TaxonRL: Reinforcement Learning with Intermediate Rewards for Interpretable Fine-Grained Visual Reasoning
This work provides a more accurate and interpretable method for fine-grained visual discrimination, which is beneficial for biologists and conservationists needing to identify specific species.
This paper addresses the challenge of fine-grained visual reasoning, particularly for distinguishing visually similar species within the same genus or family. The proposed TaxonRL method, using reinforcement learning with intermediate rewards, achieves 91.7% average accuracy on the Birds-to-Words dataset, surpassing human performance of 77.3%.

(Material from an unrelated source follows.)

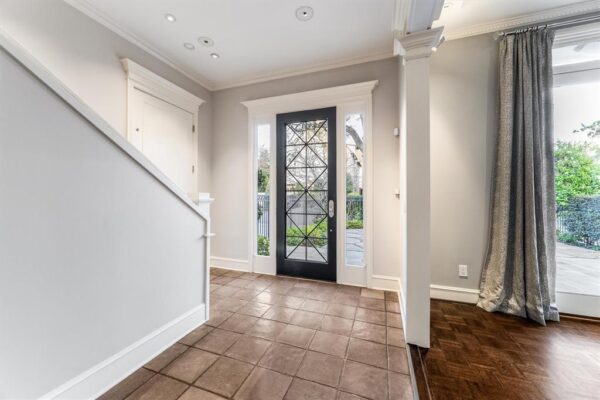 3126 Mid Lane  Houston 77027 Harris - Image 6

Traditional vision-language models struggle with contrastive fine-grained taxonomic reasoning, particularly when distinguishing between visually similar species within the same genus or family. We introduce TaxonRL, a reinforcement learning approach using Group Relative Policy Optimization with intermediate rewards that decomposes the reasoning process into hierarchical taxonomic predictions. Our method incentivizes models to explicitly reason about species-level, genus-level, and family-level features before making final classifications. This structured approach is designed not only to boost accuracy but also to yield a transparent, verifiable decision-making process. On the challenging Birds-to-Words dataset, TaxonRL achieves 91.7\% average accuracy, exceeding human performance (77.3\%) while generating interpretable reasoning traces. We demonstrate strong cross-domain generalization, showing substantial gains in primate and marine species verification. Our results establish that enforcing structured, hierarchical reasoning provides a powerful and transferable framework for fine-grained visual discrimination.